Bernie Berates Fox Reporter for Asking about Proposed 4-Day Work Week

'I can yell as loud as you...'

(Headline USA) Sen. Bernie Sanders, I-Vt., lashed out at a Fox Business reporter who questioned him about a proposal to cut the work week by an entire business day while forcing companies to pay the difference.

“I can yell as loud as you,” Sanders said, while repeatedly interrupting correspondent Hillary Vaughn.

It came after Sanders had previously spouted several socialist talking points about how “billionaires have got to start paying their fair share of taxes,” despite the fact that the proposal would dispropotionately devastate small businesses.

Sanders introduced the bill this week, titled the Thirty-Two Hour Workweek Act, which which would require employers to offer their employees a four-day work week with no loss of pay.

It would effectively reduce the standard work week from 40 hours to 32 hours over four years by lowering the threshold of overtime pay for employees.

It would also limit employers’ ability to use overtime by requiring overtime compensation at time and a half for work days longer than eight hours, and double a worker’s regular pay for work days longer than 12 hours.

The legislation would also prevent employers from using the shorter work week to reduce workers’ pay and benefits.

In a statement, Sanders claimed a shorter work week with no loss of pay was “not a radical idea,” according to NBC News.

American workers are “over 400% more productive than they were in the 1940s,” he explained. “And yet, millions of Americans are working longer hours for lower wages than they were decades ago.
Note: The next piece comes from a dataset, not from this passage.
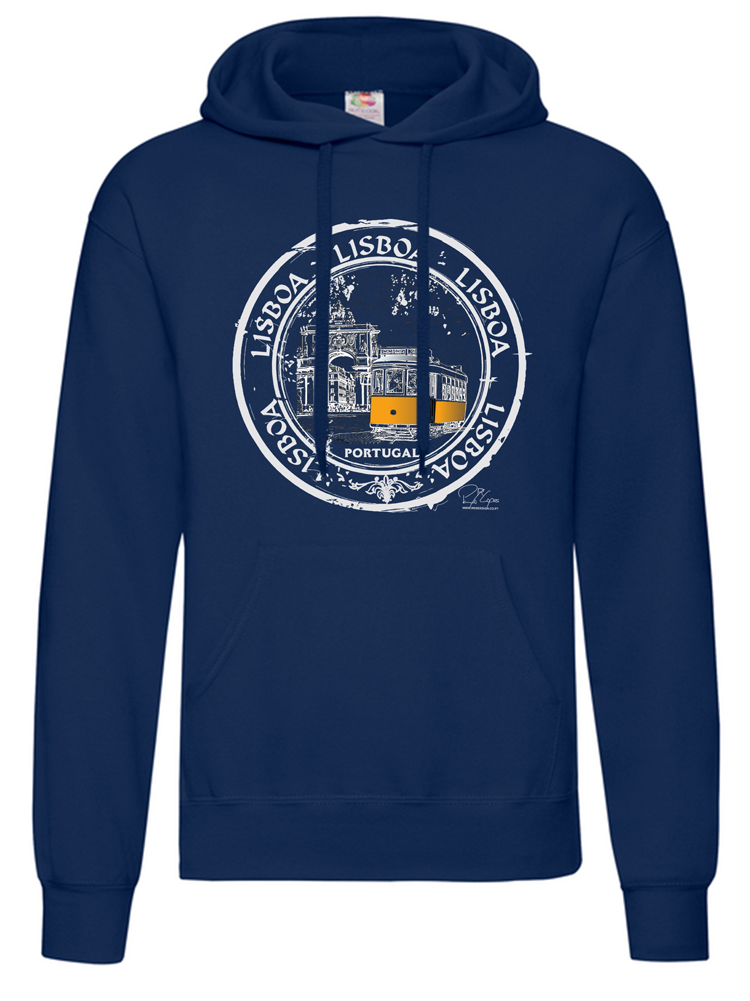 Sweatshirt Selo 1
That has got to change.”

He went on to predict that artificial intelligence would further justify reduced working hours for millions of Americans.

“The financial gains from the major advancements in artificial intelligence, automation, and new technology must benefit the working class, not just corporate CEOs and wealthy stockholders on Wall Street,” Sanders said.

“It is time to reduce the stress level in our country and allow Americans to enjoy a better quality of life,” he continued. “It is time for a 32-hour workweek with no loss in pay.”

Sanders argued that several European countries had already reduced their work hours. France, for example, has a 35-hour work week, and Norway and Denmark have 37-hour work weeks.

Critics, however, warned that many companies would not be able to afford to keep paying employees their current rates if they are producing less.

“We have a balance. We don’t have people as they do in China working 80 hours a week, but we have that balance—this disrupts that balance,” said Sen. Bill Cassidy, R-La., said, referring to the bill.

“And we won’t maintain the status of being the world’s wealthiest nation if we kneecap the American economy with something which purports to be good for the American worker, but indeed will lead to offshoring of jobs seeking for a lower-cost labor force.”

Even if technology reaches the point of supplanting workers, some fear there may be unintended consequences, warning that the increased reliance on machines will eliminate individual autonomy, resulting in a sort of serfdom, in which a large portion of society is dependent upon a smaller elite ruling class where all the wealth and means of production are centralized, either by the government or by wealthy corporations.